One of the most deadly forces on the battlefield are groups of archers and crossbows. Without a proper shield, you are essentially leaving it to chance whether you will be fortunate enough to avoid their arrows and bolts. However, there is one method of avoiding ranged attacks which will almost always ensure success when executed properly. This involves moving parallel to any singular or group of ranged units, gradually edging nearer to their location to force them into melee. The trick is to move parallel to them until they have fired and missed, and then zig-zag back the other way as you reduce the distance between yourself and the ranged units. This method will always work effectively against a handful of ranged units, but you will still be vulnerable to a large group as you won’t be able to avoid an entire volley. It is therefore perhaps most useful in tournaments and small skirmishes.
When wielding a ranged weapon yourself, you will need to consider movement in different ways. As a ranged unit on foot, you will be targeted by enemy cavalry, so you should keep an eye on what their cavalry is doing at all times. If you can, remain behind a wall of shielded infantry, preferably on a patch of high ground where possible, to reduce the chances of being flanked and killed in one swift charge.
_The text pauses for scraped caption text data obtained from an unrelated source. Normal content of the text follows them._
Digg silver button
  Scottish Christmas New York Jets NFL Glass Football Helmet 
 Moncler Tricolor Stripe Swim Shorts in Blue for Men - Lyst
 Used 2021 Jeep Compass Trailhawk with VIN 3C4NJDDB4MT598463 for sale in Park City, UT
When aiming on foot, you will need to account for the ways in which specific types of bows and arrows, and crossbows and bolts, will fire differently based on your position. There is no one size fits all here; you will simply become accustomed to the intuitive feel of your specific combination, but the general rule is that you will need to aim higher when shooting at enemies from afar, and aim in front of them as they run in a particular direction to account for their precise location when the arrow or bolt reaches them.
When riding a horse on the battlefield you will at first find it cumbersome and slow, even if you have invested a lot of points in horse riding from your backstory. The speed and maneuverability of your mount will increase and improve as you level your horse riding ability, allowing you to perform a cavalry charge at short notice or move between both friendly and enemy infantry and ranged units with accuracy. While mounted, you will be able to charge through a group of enemies to stagger them and inflict relatively minor damage, but the real benefit of a mount comes with the ability to wield a polearm or large two-handed weapon as you sweep through enemy lines and hit multiple opponents at once. This can be extremely effective at dispersing enemy ranged units and swiftly breaking their morale. However, you should be careful to avoid enemy cavalry in the process; if you hit another horse you will stop dead in your tracks, exposing you to ranged fire or infantry spears.